Dari bicaranya aku langsung tahu, mbak ini dari jawa. Lha ngomongnya medok banget. Dia bicara campur aduk, kadang bahasa indonesia kadang bahasa jawa. Ternyata emang iya. Dia asalnya dari Ngawi. Dari nada suaranya aku tahu, dia lagi seneng banget. Ternyata dia menemuiku mau minta tolong untuk mengisikan lembaran keimigrasian. Karena gak mau langsung ngisiin, aku pengen manduin aja gimana cara ngisinya. Jadi pengennya dia yang tetap nulis.
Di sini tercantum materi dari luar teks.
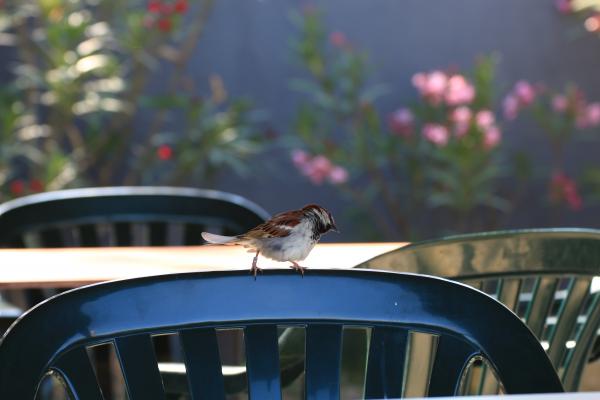 Stéphanie baumard - Le Moineau domestique (Passer domesticus) - Camargue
MBak ini pun mencoba nulis, sambil aku bacakan permintaan di lembar itu. Tetapi pas aku lihat, ternyata dia hanya memainkan penanya, sambil mencoba menulis huruf, tetapi hurufnya tidak jelas bentuk huruf. Aku kira karena dia bingung nulis namannya. Terus aku bilang aja, 'lihat paspornya mbak, disitu nama lengkapnya siapa'. Terus dia buka paspor, tetapi dia juga diem aja. Akhirnya dia bilang,'mbak tolong isiin aja deh, soalnya aku emang gak ngerti. Ehmm, aku gak bisa baca.' Aku menyembunyikan kekagetanku, khawatir dia gimana gitu, terus aku isi aja lembar keimigrasiannya.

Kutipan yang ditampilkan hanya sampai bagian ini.